2021/2/19
・原発事故の近隣の村。住民たちがバラバラになっていくなか、小学五年生の空が「映画」を撮ろうとする話。
・空の役は町田誠也さん。実年齢からは遠く離れた少年役を、小学五年生の未熟さを逸脱することなく、とにかく明るく演じる。
・町田さんの出演作は何度か見ているけど、ここまで作品全体の軸になる役は珍しいかも。モノローグも多い。
・厳しい状況でも、少年の目線なら明るく描ける。映画の『ジョジョ・ラビット』を連想する。
・あと、シリア空爆のドキュメンタリー映画というと、たまたま、難民映画祭で見た『目を閉じれば、いつもそこに』を思い出す。
・監督の藤井沙織さんも女性なので本作のモデルかと思ったりもしたけど、必ずしも女性が演じなくてもよい役かも。山木真綾さんの最初のモノローグよかった。
・日本とシリアくらい離れていても、故郷を離れざるを得ない人々という点で地続きの問題とも言える。
・ただ、戦争はもちろん、津波や感染症と比べても、放射能の危険性は実感しにくい。今のコロナ禍と重ねる見方もあるけど、別次元の難しさという感じがする。
・演出の戸塚直人さんがあいさつ文で触れていたけど、現実に起きた悲劇に対して、「当事者か否か」で線引きするのはあまり有効ではないと思う。
・結局、当事者かどうかはグラデーションだから、線引きしようとするとどこまでも分裂してしまう。
・当事者か否かの二項対立ではなく、人の数だけ立場があって、座標のどのへんにいるかのほうが考えやすい。

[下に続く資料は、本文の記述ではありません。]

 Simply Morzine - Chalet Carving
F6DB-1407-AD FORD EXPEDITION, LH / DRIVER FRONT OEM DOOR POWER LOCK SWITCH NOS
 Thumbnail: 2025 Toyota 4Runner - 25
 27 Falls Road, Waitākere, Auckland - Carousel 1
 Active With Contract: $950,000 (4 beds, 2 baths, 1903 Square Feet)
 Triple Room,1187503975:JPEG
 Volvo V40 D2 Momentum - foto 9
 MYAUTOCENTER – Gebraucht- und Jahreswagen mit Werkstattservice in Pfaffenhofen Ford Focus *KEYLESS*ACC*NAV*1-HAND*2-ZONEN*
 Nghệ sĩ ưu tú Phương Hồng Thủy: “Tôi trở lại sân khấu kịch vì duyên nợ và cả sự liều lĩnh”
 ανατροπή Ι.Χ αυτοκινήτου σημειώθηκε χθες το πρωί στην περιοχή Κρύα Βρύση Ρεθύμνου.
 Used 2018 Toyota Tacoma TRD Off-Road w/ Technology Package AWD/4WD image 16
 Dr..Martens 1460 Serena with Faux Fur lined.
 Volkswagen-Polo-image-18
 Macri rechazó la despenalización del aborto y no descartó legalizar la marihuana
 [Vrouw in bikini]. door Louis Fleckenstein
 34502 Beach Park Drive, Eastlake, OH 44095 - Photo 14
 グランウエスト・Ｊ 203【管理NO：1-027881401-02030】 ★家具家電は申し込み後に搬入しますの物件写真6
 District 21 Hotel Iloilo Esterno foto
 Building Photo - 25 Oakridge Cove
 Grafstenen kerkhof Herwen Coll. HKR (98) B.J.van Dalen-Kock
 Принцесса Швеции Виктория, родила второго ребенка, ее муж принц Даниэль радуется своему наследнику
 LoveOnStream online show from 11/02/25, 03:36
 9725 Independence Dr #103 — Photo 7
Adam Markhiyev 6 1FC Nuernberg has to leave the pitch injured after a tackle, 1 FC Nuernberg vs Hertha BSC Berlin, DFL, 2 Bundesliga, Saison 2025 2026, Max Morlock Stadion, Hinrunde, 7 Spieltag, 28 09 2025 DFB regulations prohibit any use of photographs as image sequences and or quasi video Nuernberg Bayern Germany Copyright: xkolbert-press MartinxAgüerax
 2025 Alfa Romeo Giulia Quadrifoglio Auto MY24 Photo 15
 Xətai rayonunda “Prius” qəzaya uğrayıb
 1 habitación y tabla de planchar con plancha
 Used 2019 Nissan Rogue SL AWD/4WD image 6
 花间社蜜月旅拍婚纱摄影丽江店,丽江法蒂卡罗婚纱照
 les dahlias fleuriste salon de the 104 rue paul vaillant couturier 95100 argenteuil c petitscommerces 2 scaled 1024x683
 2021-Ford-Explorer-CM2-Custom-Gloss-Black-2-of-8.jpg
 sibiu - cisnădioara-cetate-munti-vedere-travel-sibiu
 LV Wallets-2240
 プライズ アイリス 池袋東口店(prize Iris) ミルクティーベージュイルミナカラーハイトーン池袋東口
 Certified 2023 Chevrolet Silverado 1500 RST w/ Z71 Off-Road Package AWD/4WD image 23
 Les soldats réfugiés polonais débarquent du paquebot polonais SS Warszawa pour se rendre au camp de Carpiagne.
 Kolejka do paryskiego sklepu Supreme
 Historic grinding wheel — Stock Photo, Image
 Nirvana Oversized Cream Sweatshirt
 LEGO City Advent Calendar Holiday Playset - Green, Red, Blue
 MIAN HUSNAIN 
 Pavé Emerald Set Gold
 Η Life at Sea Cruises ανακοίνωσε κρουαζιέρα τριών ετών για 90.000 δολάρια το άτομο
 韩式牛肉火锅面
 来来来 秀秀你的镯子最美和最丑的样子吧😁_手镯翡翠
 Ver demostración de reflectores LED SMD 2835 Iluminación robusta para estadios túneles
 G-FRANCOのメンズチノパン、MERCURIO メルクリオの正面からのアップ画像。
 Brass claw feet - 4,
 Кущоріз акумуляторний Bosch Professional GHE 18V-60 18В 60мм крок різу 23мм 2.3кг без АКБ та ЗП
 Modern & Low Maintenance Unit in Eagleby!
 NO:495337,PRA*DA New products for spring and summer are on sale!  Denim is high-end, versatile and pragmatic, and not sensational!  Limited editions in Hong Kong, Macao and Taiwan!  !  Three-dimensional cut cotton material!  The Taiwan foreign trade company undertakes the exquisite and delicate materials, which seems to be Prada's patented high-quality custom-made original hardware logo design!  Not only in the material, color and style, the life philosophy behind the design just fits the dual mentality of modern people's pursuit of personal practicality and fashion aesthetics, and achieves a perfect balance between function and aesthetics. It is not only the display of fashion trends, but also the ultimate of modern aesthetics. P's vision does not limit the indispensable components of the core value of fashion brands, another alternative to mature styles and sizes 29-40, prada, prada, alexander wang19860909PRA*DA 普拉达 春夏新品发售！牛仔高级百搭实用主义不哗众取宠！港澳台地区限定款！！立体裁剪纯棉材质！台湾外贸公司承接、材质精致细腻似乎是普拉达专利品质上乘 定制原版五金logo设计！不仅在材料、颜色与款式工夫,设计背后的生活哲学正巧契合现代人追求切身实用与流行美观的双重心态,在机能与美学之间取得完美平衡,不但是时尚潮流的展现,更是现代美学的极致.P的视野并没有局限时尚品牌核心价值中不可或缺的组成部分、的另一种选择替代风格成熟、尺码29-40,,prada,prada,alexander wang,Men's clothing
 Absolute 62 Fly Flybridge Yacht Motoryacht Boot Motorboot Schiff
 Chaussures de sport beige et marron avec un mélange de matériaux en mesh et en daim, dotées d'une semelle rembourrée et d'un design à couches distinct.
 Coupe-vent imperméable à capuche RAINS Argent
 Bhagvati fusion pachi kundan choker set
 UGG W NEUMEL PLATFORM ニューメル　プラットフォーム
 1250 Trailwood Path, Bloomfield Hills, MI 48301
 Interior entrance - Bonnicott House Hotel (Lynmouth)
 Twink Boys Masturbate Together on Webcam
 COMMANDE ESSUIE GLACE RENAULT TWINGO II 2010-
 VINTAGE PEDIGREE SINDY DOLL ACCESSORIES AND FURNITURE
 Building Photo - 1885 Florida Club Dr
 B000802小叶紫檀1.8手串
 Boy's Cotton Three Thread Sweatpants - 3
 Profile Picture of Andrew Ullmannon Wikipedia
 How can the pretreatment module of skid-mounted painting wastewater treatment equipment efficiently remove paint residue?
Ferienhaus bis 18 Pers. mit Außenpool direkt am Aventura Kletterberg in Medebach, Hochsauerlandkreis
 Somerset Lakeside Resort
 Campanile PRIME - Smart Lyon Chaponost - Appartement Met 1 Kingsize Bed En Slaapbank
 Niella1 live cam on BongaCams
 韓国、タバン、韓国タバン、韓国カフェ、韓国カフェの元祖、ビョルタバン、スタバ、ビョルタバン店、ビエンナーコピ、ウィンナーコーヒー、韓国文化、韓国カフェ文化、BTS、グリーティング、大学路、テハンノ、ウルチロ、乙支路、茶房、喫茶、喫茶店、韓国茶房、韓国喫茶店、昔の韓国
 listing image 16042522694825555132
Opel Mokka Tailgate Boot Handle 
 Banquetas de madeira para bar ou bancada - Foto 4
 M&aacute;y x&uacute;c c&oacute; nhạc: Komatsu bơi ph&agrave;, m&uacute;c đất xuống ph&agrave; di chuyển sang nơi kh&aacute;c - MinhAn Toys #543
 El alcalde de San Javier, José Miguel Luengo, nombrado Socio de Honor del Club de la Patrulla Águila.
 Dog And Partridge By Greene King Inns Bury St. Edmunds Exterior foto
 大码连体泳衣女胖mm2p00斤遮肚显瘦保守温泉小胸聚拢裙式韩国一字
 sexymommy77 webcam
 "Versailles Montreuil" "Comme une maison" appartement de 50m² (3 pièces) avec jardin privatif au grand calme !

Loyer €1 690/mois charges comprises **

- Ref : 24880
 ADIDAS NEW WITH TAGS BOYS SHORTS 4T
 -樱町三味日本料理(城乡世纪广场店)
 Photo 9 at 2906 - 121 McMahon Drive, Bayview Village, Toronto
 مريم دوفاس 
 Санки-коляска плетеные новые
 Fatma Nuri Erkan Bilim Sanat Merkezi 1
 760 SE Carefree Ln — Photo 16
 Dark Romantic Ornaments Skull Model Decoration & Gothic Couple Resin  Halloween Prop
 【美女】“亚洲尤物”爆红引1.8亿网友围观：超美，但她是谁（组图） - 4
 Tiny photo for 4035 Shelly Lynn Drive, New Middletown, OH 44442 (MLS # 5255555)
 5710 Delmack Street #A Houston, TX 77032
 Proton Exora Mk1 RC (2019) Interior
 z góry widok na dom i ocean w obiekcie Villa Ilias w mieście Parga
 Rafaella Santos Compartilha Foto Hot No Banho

・最終的には当事者かどうかではなく、題材に対して誠実かどうかが問われる。
・自分自身も肝に銘じておきたい。
・当事者かどうか線を引く引かないの話は、いろんな分野で応用が利きそうで、何か考えるときの補助線にできる話だった。
・あと、車椅子の役者さんがいると、作品上の意味を考えがちだけど、作品に馴染んでいれば車椅子でも車椅子でなくても大きな問題はないことがわかった。勉強になる。
・ちなみに、座・れらの発行の演劇誌「風」に、福島県から避難された方のお話が載っていて読み応えあった。こういうお話は時間が経つほど得難くなっていくので、文章に残すことはとても重要だと思う。